In kommunistischer Haft

Am 14. Dezember 1949 ist Bartoszewski auf dem Weg zu einer Theateraufführung. Ein Mann spricht ihn an: „Herr Bartoszewski? – Ja. – Dann kommen Sie bitte mit. – Wohin? – Zu uns, ins Ministerium, für einen Augenblick.“

Aus dem Augenblick wurden gut sechs Jahre. Zwei Jahre Untersuchungshaft mit ständigen Verhören. Dann der Prozess mit absurden Beschuldigungen. Schließlich das Urteil. Acht Jahre Freiheitsentzug wegen Spionage für eine ausländische Macht.

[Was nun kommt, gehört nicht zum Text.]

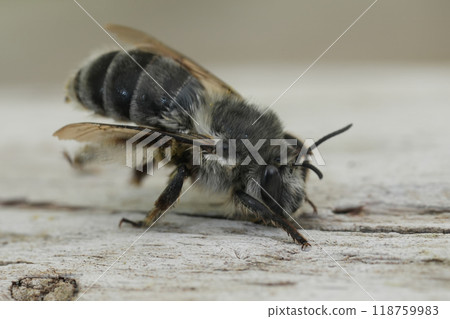 Closeup on a female Pacific Dune-Digger solitary bee, Habropoda miserabilis on a piece of wood Closeup on a female Pacific Dune-Digger solitary bee, Habropoda miserabilis on a piece of wood 118759983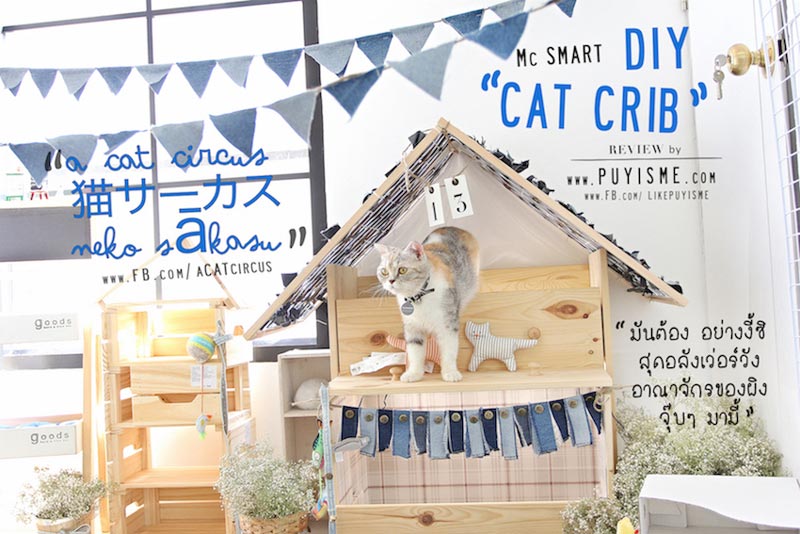 DIY บ้านแมว DIY บ้านแมว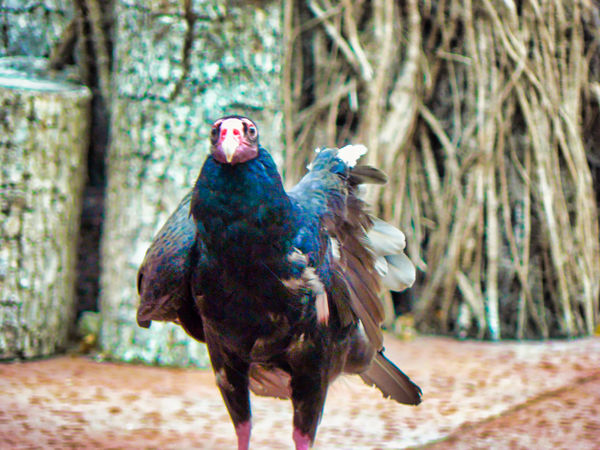 Mortimer the Turkey Vulture/Texas State Aquarium. ...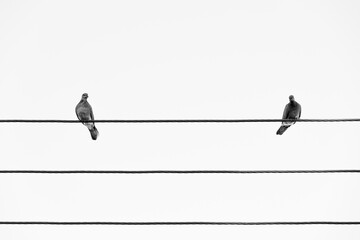 pigeons sitting calmly on power lines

Im Gefängnis traf Bartoszewski mit der Elite des polnischen Untergrundstaates zusammen. Das bot die Gelegenheit zu Vorträgen und Diskussionen. Und es gab auch deutsche Häftlinge, Gestapoleute, die eine langjährige Haftstrafe abzusitzen hatten. Für Bartoszewski die Chance, in Gesprächen mit ihnen nicht nur seine deutschen Sprachkenntnisse zu verbessern, sondern auch aus der Sicht des Feindes Informationen zum Kriegsgeschehen und zur Okkupation zu erhalten, Material, das ihm für seine späteren historischen Forschungen von Nutzen war.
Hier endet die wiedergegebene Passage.